Task description: Each line from the one containing "colorful sunrise over the beach with a pier. colorful" onward, through the end of the entries, is to be transcribed exactly; nothing else is to be included.

START Excerpted records

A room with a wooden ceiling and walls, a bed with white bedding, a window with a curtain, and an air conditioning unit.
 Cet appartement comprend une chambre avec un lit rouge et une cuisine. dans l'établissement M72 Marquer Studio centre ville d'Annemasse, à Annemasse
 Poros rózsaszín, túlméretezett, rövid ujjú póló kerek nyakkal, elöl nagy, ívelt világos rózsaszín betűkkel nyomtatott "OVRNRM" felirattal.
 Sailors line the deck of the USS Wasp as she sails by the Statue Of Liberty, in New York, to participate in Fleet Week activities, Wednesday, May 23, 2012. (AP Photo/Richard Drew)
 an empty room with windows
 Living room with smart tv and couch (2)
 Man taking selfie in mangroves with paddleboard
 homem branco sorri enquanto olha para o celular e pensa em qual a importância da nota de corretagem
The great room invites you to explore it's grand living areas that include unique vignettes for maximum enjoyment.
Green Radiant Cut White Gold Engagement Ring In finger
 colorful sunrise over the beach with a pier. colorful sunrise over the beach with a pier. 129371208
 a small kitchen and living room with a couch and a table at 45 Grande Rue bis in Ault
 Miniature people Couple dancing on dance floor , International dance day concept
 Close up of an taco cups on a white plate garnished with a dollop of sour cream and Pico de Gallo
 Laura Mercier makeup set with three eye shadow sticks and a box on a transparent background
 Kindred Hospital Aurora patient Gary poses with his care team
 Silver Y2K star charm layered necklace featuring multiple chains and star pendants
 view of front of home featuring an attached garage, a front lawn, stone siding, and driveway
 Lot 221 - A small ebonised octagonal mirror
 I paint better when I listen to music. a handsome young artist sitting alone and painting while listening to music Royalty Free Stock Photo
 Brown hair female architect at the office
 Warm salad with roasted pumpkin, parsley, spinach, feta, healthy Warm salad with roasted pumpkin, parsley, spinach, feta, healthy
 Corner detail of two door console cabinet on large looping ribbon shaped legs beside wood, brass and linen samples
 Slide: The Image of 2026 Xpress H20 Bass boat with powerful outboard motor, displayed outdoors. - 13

END Excerpted records

Solution for this problem:
 colorful sunrise over the beach with a pier. colorful sunrise over the beach with a pier. 129371208
 a small kitchen and living room with a couch and a table at 45 Grande Rue bis in Ault
 Miniature people Couple dancing on dance floor , International dance day concept
 Close up of an taco cups on a white plate garnished with a dollop of sour cream and Pico de Gallo
 Laura Mercier makeup set with three eye shadow sticks and a box on a transparent background
 Kindred Hospital Aurora patient Gary poses with his care team
 Silver Y2K star charm layered necklace featuring multiple chains and star pendants
 view of front of home featuring an attached garage, a front lawn, stone siding, and driveway
 Lot 221 - A small ebonised octagonal mirror
 I paint better when I listen to music. a handsome young artist sitting alone and painting while listening to music Royalty Free Stock Photo
 Brown hair female architect at the office
 Warm salad with roasted pumpkin, parsley, spinach, feta, healthy Warm salad with roasted pumpkin, parsley, spinach, feta, healthy
 Corner detail of two door console cabinet on large looping ribbon shaped legs beside wood, brass and linen samples
 Slide: The Image of 2026 Xpress H20 Bass boat with powerful outboard motor, displayed outdoors. - 13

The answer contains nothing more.